■ TASK PROMPT ■
Filter the entries for the word "White". Copy each line in which it occurs.

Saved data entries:
┏━━

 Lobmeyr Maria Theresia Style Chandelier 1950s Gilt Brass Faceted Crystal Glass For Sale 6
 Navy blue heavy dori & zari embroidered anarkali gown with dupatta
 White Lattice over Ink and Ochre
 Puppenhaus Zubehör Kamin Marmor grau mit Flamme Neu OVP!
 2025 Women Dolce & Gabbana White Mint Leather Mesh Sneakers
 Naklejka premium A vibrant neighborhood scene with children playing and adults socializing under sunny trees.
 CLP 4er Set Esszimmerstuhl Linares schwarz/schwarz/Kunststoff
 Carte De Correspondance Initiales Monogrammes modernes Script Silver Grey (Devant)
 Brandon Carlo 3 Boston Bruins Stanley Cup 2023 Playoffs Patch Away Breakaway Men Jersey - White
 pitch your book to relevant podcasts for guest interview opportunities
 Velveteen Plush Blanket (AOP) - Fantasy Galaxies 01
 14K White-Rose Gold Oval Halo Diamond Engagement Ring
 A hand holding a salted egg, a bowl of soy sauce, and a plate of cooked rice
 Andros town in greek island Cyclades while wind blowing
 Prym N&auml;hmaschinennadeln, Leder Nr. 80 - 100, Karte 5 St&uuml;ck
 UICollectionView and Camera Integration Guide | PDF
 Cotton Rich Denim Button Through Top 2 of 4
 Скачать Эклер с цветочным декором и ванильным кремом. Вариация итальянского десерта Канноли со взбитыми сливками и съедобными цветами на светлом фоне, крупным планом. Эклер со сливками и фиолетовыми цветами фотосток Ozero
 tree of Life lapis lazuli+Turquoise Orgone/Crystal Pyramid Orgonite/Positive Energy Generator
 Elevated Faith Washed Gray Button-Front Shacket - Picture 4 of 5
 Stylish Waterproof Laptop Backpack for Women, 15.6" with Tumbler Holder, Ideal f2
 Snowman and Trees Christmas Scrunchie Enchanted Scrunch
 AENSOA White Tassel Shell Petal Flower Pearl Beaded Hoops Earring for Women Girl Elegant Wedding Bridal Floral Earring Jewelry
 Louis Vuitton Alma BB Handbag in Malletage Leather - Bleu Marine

┗━━

■ ANSWER BOX ■
 White Lattice over Ink and Ochre
 2025 Women Dolce & Gabbana White Mint Leather Mesh Sneakers
 Brandon Carlo 3 Boston Bruins Stanley Cup 2023 Playoffs Patch Away Breakaway Men Jersey - White
 14K White-Rose Gold Oval Halo Diamond Engagement Ring
 AENSOA White Tassel Shell Petal Flower Pearl Beaded Hoops Earring for Women Girl Elegant Wedding Bridal Floral Earring Jewelry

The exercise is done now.